After last year’s April 27 tornado that killed 13 residents of the Valley, U.S. Army chief warrant officer Brad Carpenter, who teaches at the Warrant Officer Career College at Ft. Rucker, and several members of his unit, donated the sign.
Carpenter spent several days helping Shoal Creek residents clean up after the storm.
At a special ceremony last September at the fire hall, Shoal Creek Valley fire chief Vernon White accepted the sign from Carpenter.
On that day, Carpenter said Vernon White was very special to them. He also noted that the mascot on the sign was selected before the tornado even hit Shoal Creek Valley.
“I got them to change the motto to ‘Stand Through The Storm Sir,’” Carpenter said that September day. “So it would be something positive. In the future when people see this sign, I hope it gives them strength and hope to ‘weather the storm.’”
However, one Shoal Creek Valley resident said the sign is very inappropriate.
“It is a very ugly sign, and has no meaning to this community,” Martha Jo Hale said. “Vernon and his wife Linda did this on their own.”
Hale also said she had several people who helped clear her property after the tornado hit.
“These people took several days off of work,” she said. “And they wanted nothing in return. Why would we honor a half dozen men who Vernon and Linda know?”
Linda White said Carpenter was so impressed with the Shoal Creek community and the way they pulled together, and stood side-by-side, when he went back, they wanted to do something special.
“This sign was actually adopted way before the tornado hit,” Linda White said. “A lot of men and women who graduated from Carpenter’s class at Ft. Rucker went on to Afghanistan and Iraq, and all over the world. They are Standing Through The Storm for the United States.
“To me, this sign is an honor, I come from a very deep-rooted military family. For military men and women to dedicate something for the work that was done in this community by the citizens. It’s an honor for them to do that.

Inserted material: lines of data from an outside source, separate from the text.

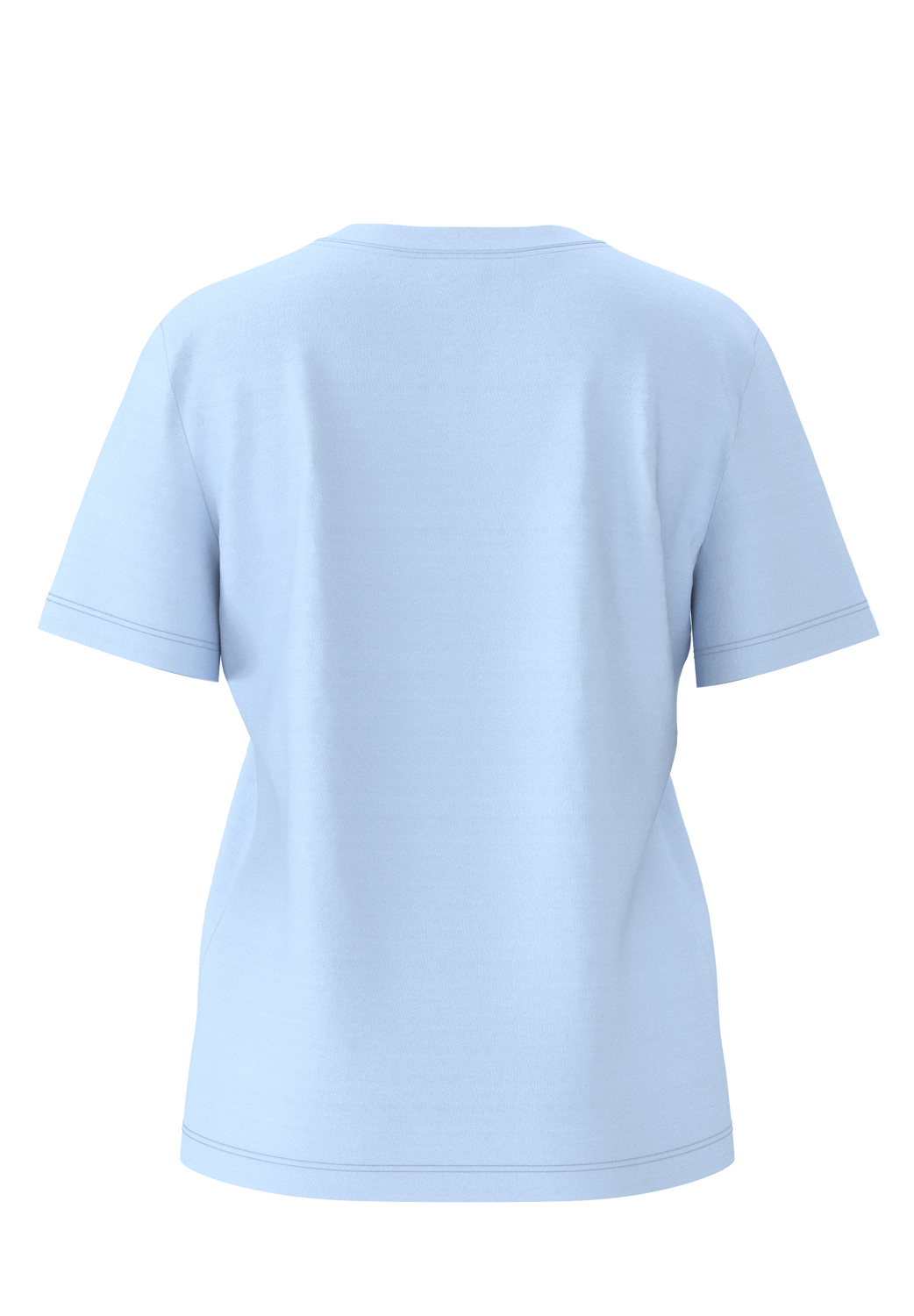 SLFESSENTIAL T-Shirt - Cashmere Blue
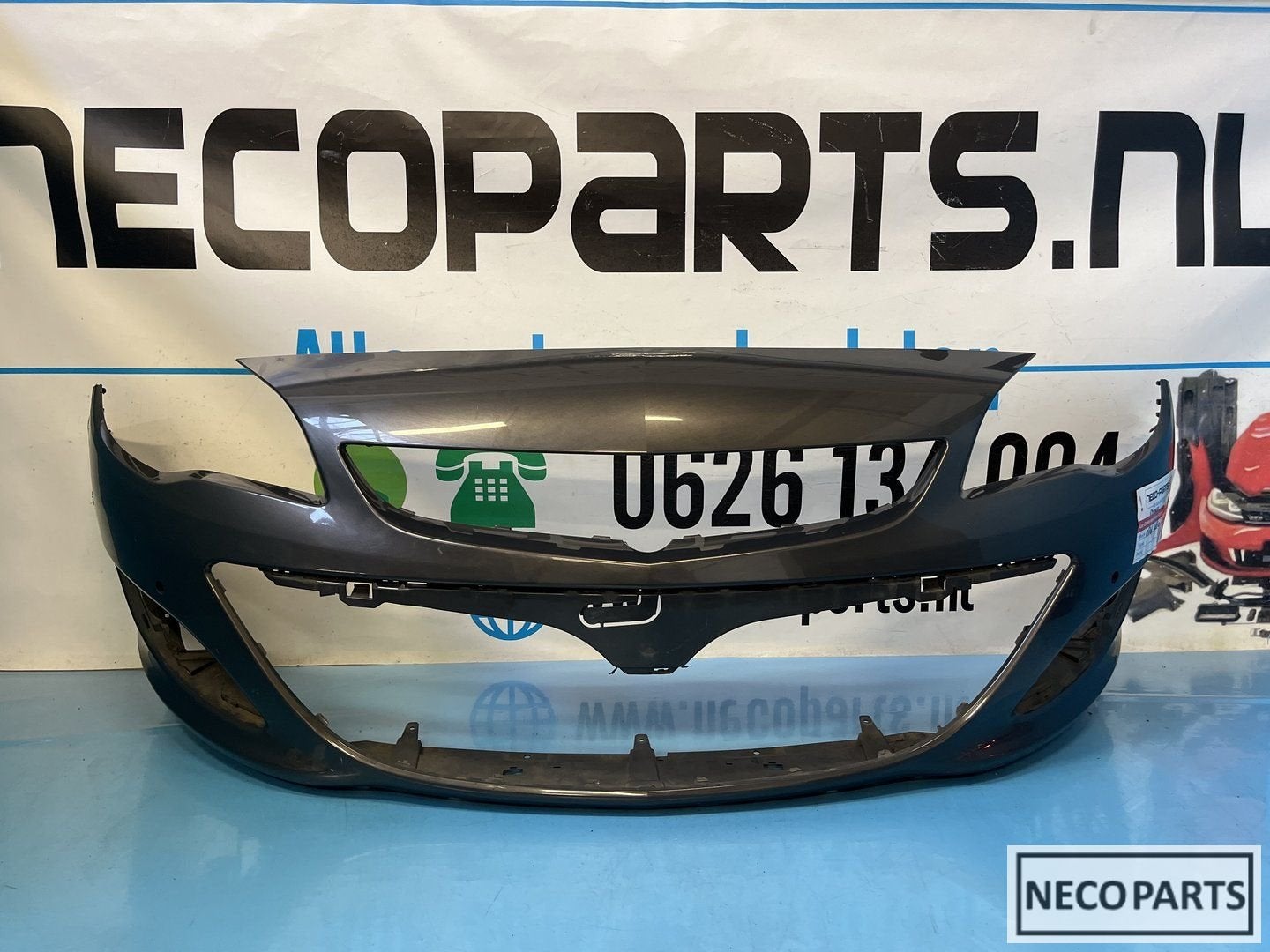 OPEL ASTRA J FACELIFT VOORBUMPER BUMPER ORIGINEEL, Auto-onderdelen, Gebruikt, -, -, Opel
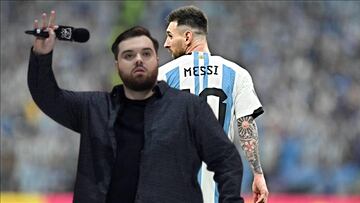 Ibai vacila a Messi y Haaland: “El Balón de Oro es para mí”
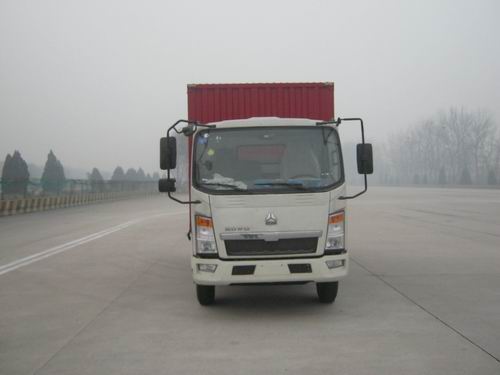 ZZ5047XXYD3414D143厢式运输车燃油公告图片1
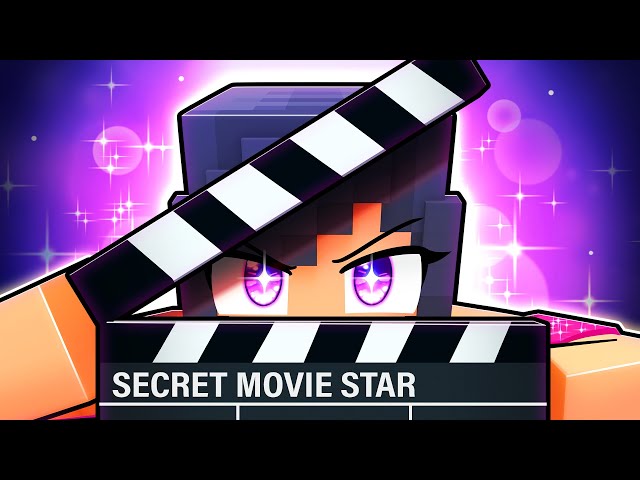 Aphmau's a SECRET MOVIE STAR in Minecraft! SDDEFAULT Thumbnail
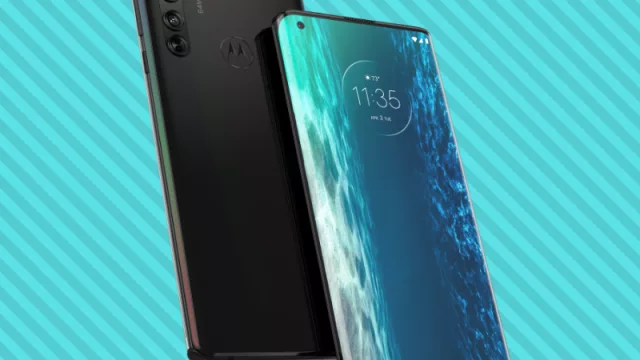 Con Edge, Motorola trae su "flagship" a Argentina: 5G, pantalla "recurva", Snapdragon 765 (y a $ 20.000 menos que un S20)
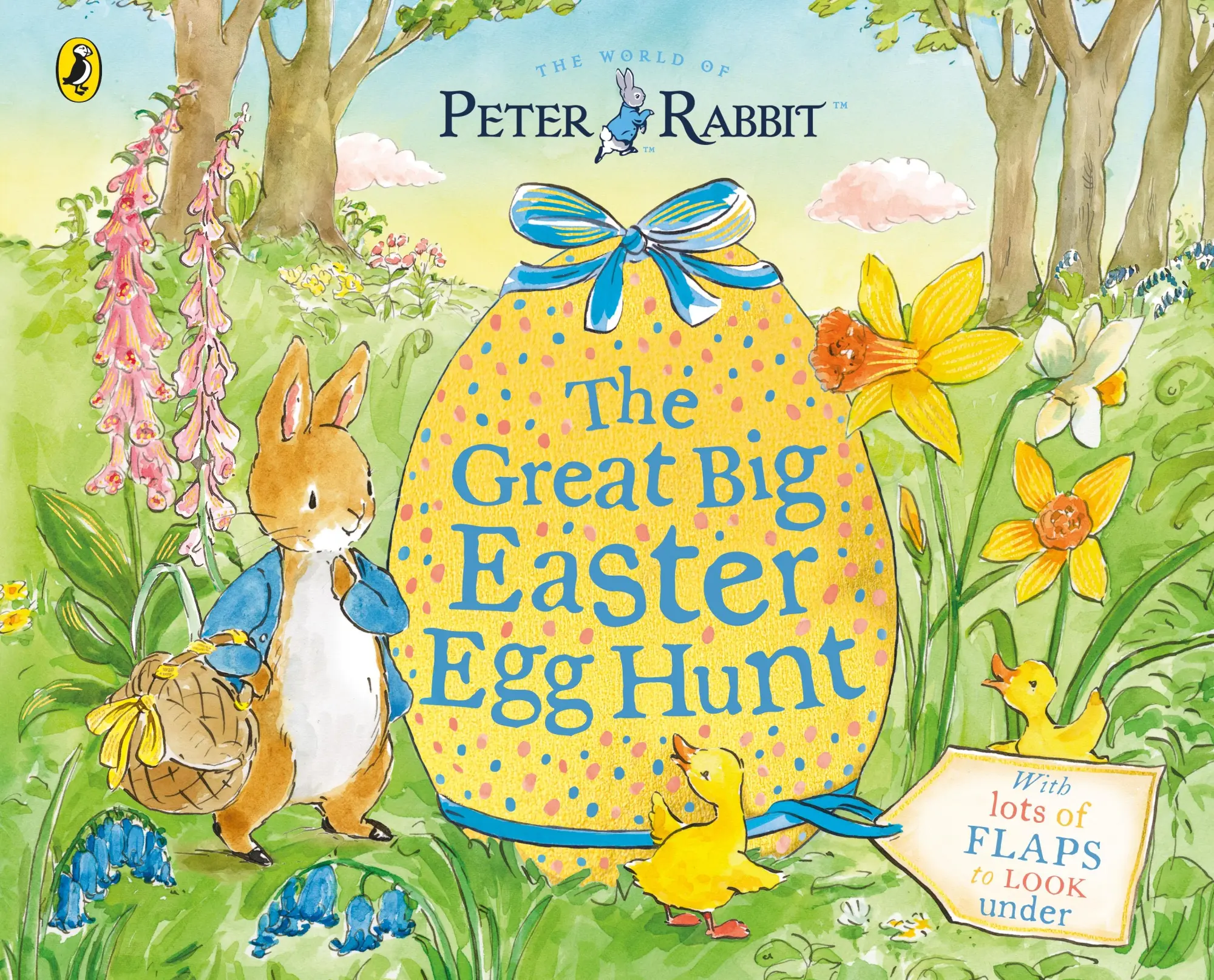 Cover: 9780241519165 | Peter Rabbit Great Big Easter Egg Hunt | A Lift-the-Flap Storybook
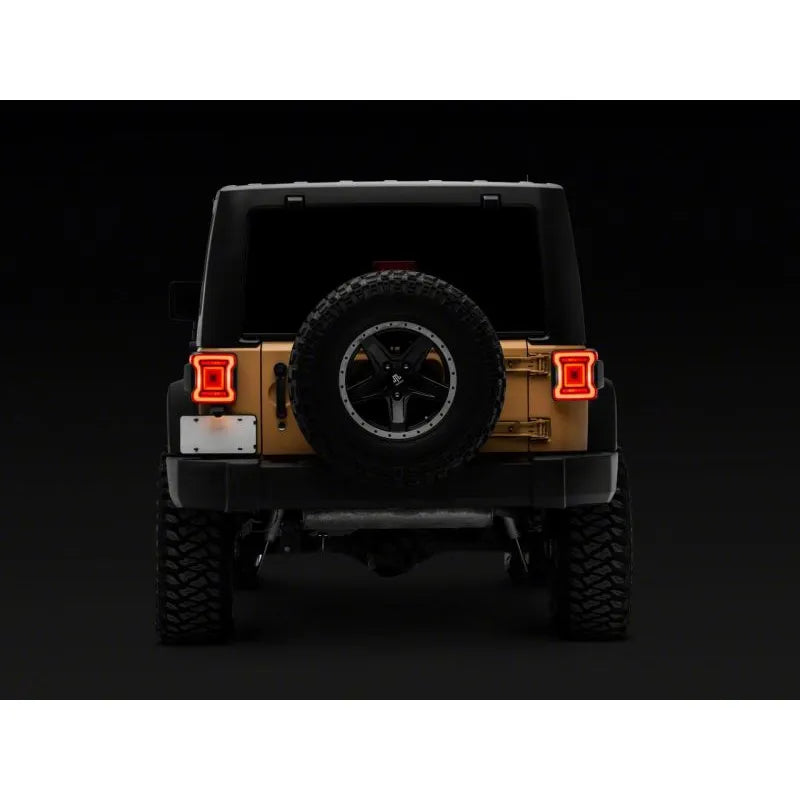 Raxiom JL Style LED Tail Lights | 07-18 Jeep JK (J164242)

They are going out and fighting for me, this community and this county.”
On the back of the sign, it reads, “This sign is dedicated to the citizens of Shoal Creek Valley.”
White said it is an honor to have a sign like this.
“This sign is dedicated for the purpose of the men and women of this group here, who are going out and fighting for our freedom and the freedom of the people in this Valley and across the United States,” White said.
The sign is on a public right-of-way, and Linda White said it was placed where the command center was stationed.
St. Clair County Commission Chairman Stan Batemon said the sign is fine right where it is.
“As long as it does not interfere with sight distance, and as long as it has a public purpose,” Batemon said. “And this sign does, because it is honoring the tornado issue of last year.”